La figura di Pierre de Coubertin è ovviamente centrale per quel che riguarda le Olimpiadi. Il barone è il padre dei Giochi moderni, colui che più di tutti ha spinto per far sì che, a 128 anni di distanza e a cadenza quadriennale, la manifestazione a cinque cerchi diventasse il raduno sportivo più importante al mondo.
Presidente del CIO dal 1900 al 1924, a De Coubertin sono assegnate - non del tutto in maniera veritiera - due delle frasi più iconiche riguardanti le Olimpiadi: il motto “Citius, Altius, Fortius” (più veloce, più in alto, più forte) a cui si è poi aggiunto da quest’anno “insieme”, da lui sì proposto prima dell’edizione di Parigi del 1924 ma ideato da Henri Didon, scrittore e religioso francese dell’epoca. E sempre a un uomo di chiesa appartiene il famoso detto: “l’importante non è vincere ma partecipare”. Questa frase fu infatti pronunciata da un monaco inglese durante un sermone agli atleti prima di Londra 1908.

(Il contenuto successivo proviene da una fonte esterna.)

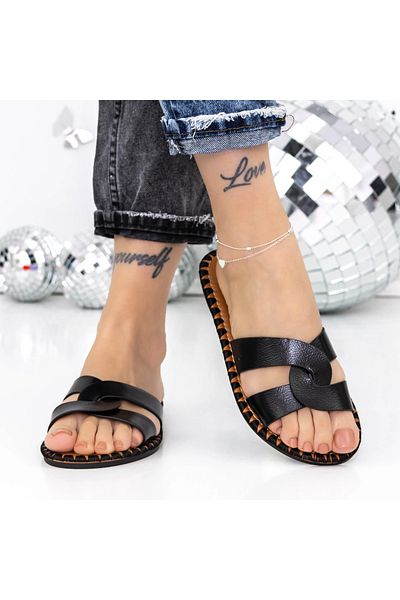 mei Women's Slippers with Low Sole 3BL2 Black | Mei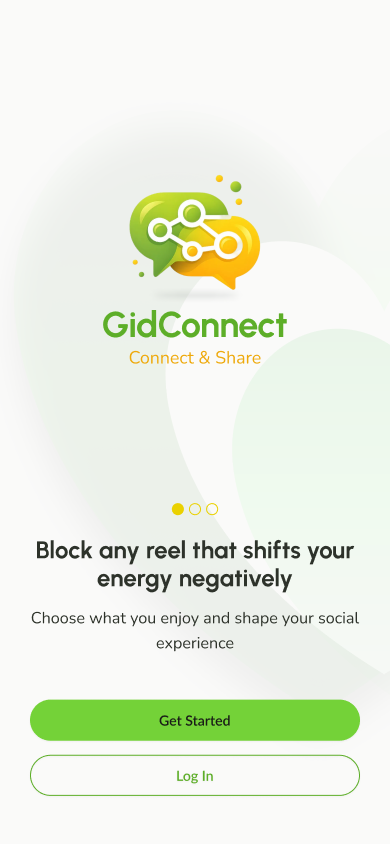 GidConnect intro screen with logo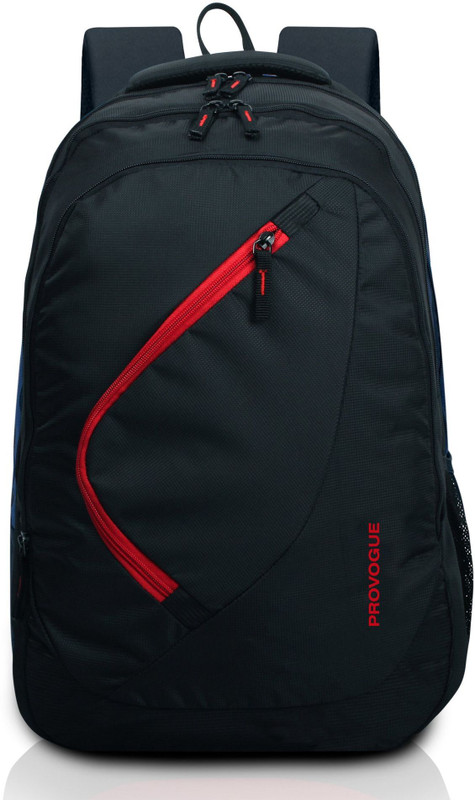 PROVOGUE COMET -3 Compartment Premium Quality, Office/College/School/Travel organiser 35 L Laptop Backpack(Black, Red)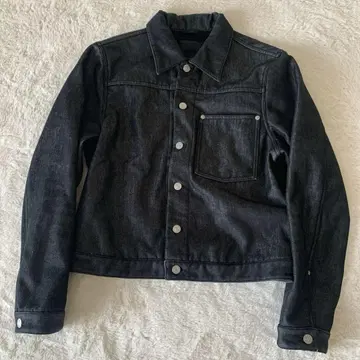 [ USED ] VISARUNO 광택 데님 보아 자켓 M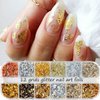 Holographic Nail Glitter Gold Foils for Kit, 12 Grids Sparkly Ultra-Thin Aluminum Foil Nail Art Flakes Designs, Powder Nail Glitters Sequins Acrylic Supplies DIY Manicure Charms Decorations, for Women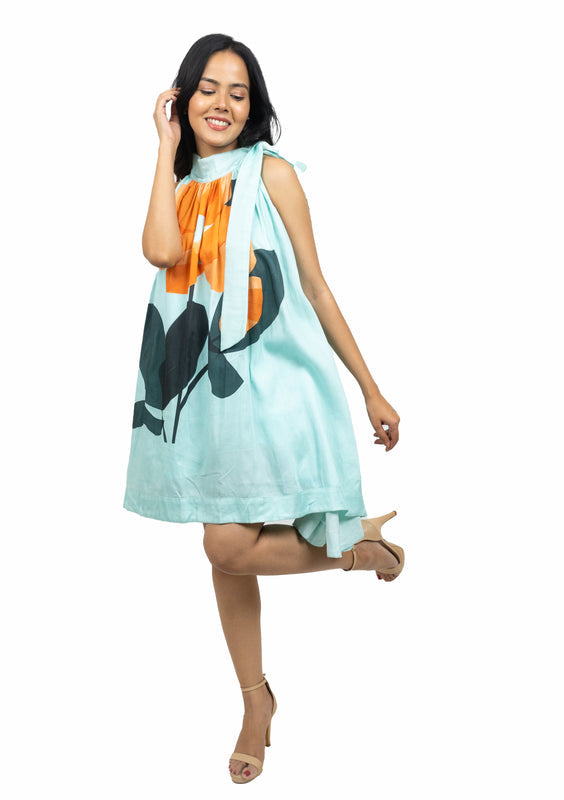 Aqua Blue Side Knot Dress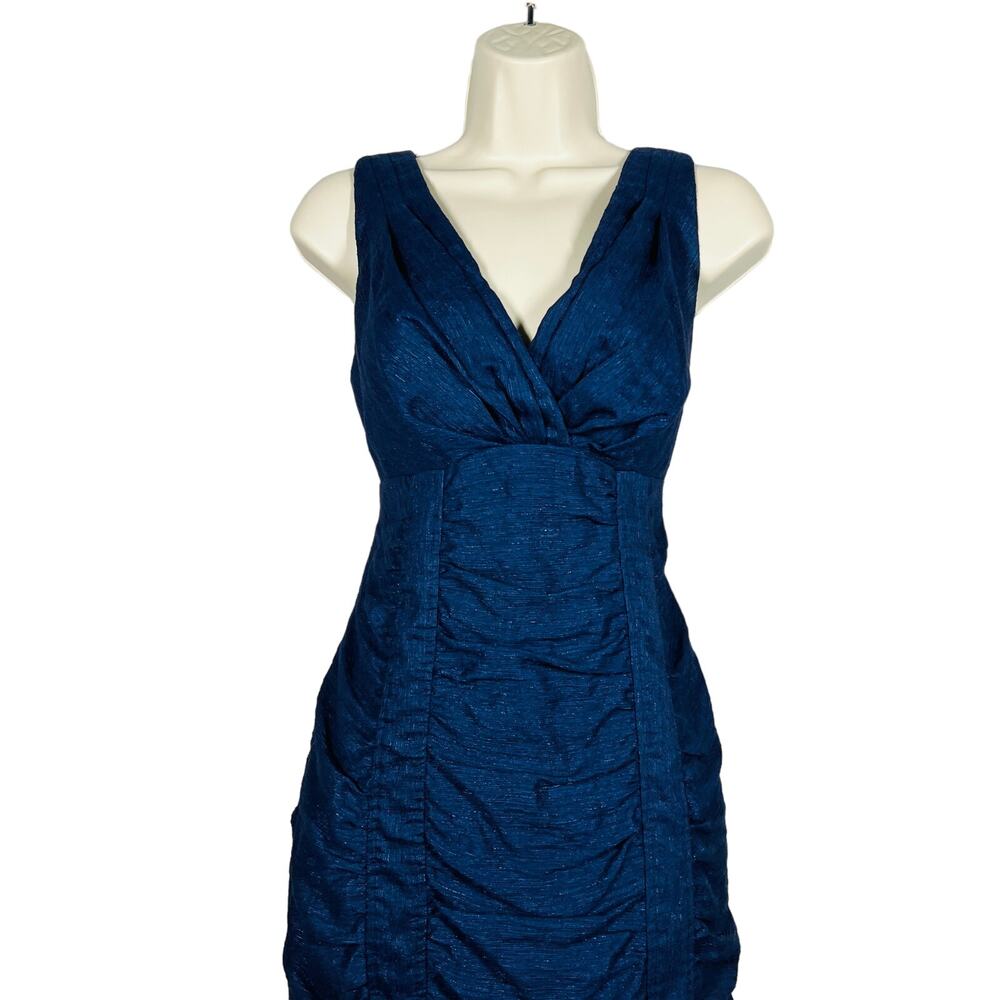 Nanette Lepore Bodycon Dress Wiggle Blue V Neck Sleeveless Ruched - 4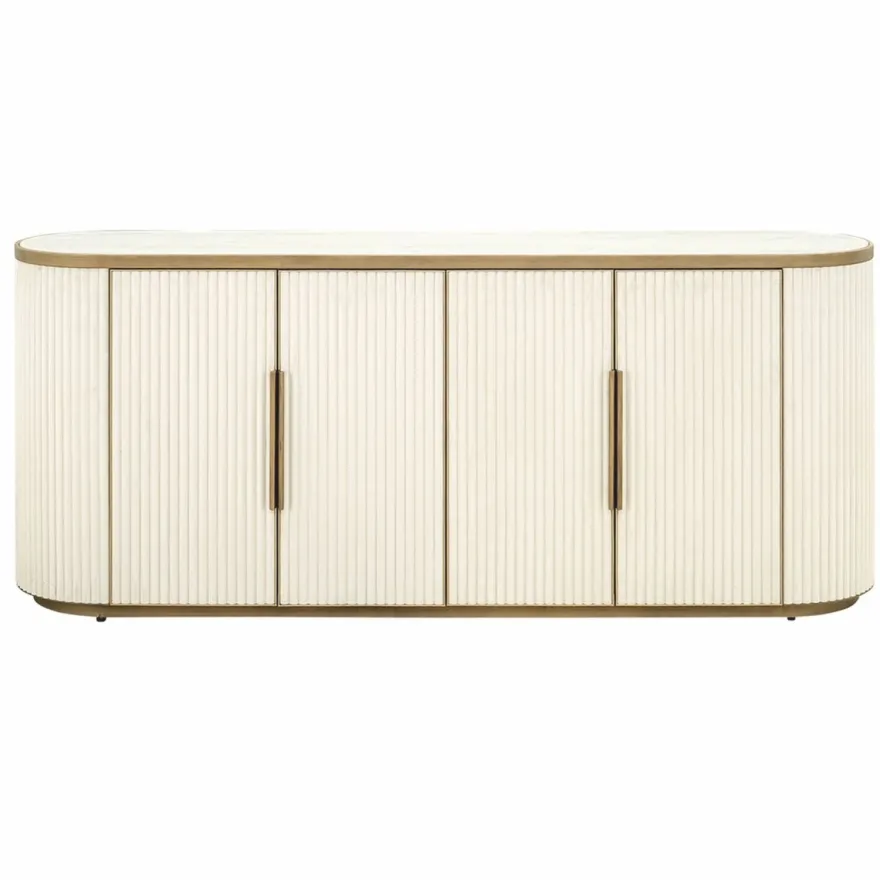 Casa Padrino Luxus Sideboard mit 4 Türen und Keramikplatte Weiß / Messing 192 cm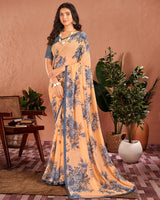 Vishal Prints Manhattan Orange Printed Georgette Saree With Satin Piping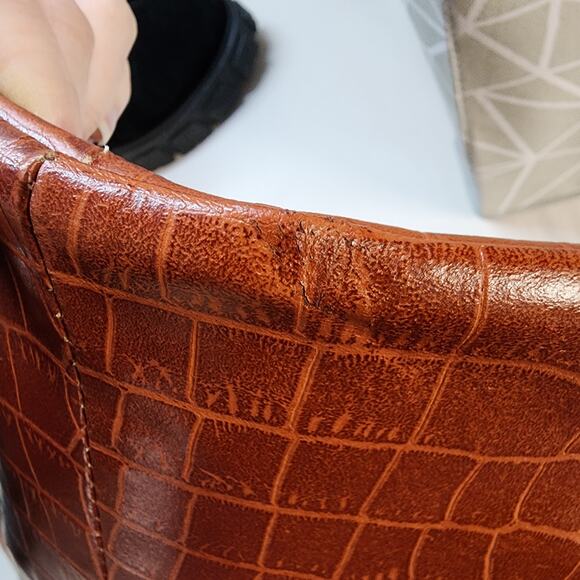 Maurizio Taiuti Large Shoulder Bag Crocodile Skin Pattern Brown Leather Vtg 90s - Picture 11 of 16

Inesattezze storiche che hanno aiutato a fortificare il mito di un personaggio con un lato oscuro. Nella conoscenza popolare infatti si è persa la nozione riguardante la misoginia di De Coubertin, per il quale le Olimpiadi sarebbero dovute essere una manifestazione solo per uomini, la cui ricompensa per i successi sarebbe stata “l’applauso delle signore”. Uomini, inoltre, di razza ariana. Negli ultimi anni sono infatti emersi diverse lettere del barone ad Adolf Hitler, rimarcando quanto felice fosse dell’organizzazione e della gestione dei famosi Giochi di Berlino 1936. La famiglia e il CIO hanno sempre rispedito al mittente le accuse e difficilmente si saprà la verità sulla faccenda. Di sicuro c’è solo che De Coubertin riposa a Losanna e la richiesta di riportarlo in Patria è stata più volte respinta dal governo francese. Ma il suo cuore - leggenda narra - è sepolto a Olimpia. Dove in realtà è sempre stato.